Toby went upstairs, his fingers shaking as he held the gun in his pocket. When he knocked on the door, he heard Alonso's voice. "Vincenzo?"

"You're alone in there?" he asked.

Alonso opened the door, and pulled him in. "Where have you been, what's happened to you?" He stared at the darkened hair, the tinted glasses.

Toby searched the apartment.

Then he turned to Alonso and told him, "They're all dead, the people who were bothering you. But this is not finished. There was no time to get to the restaurant and I don't know what's going on there." "I do," said Alonso. "They fired all my people and closed the place up. What in Hell are you telling me?"

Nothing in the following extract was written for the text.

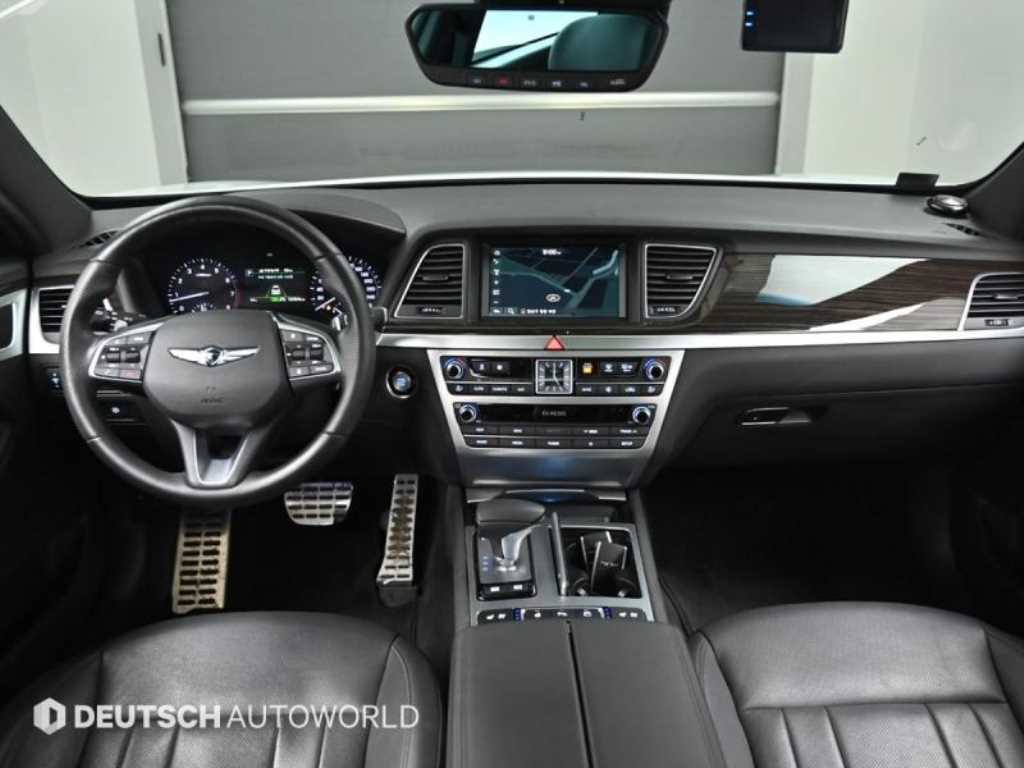 Genesis G80 - Vista 8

"Ah, well," said Toby, "that's not so bad."

"What in the world do you mean they're all dead?" Alonso asked.

Toby told him everything that had happened. Then he said, "You have to take me to people who know how to finish this. You have to take me to your friends who wouldn't help you. They'll help you now. They'll want these computers. They'll want these cell phones. They'll want this little notebook. There's data here, tons of data about these criminals and what they want and what they're doing."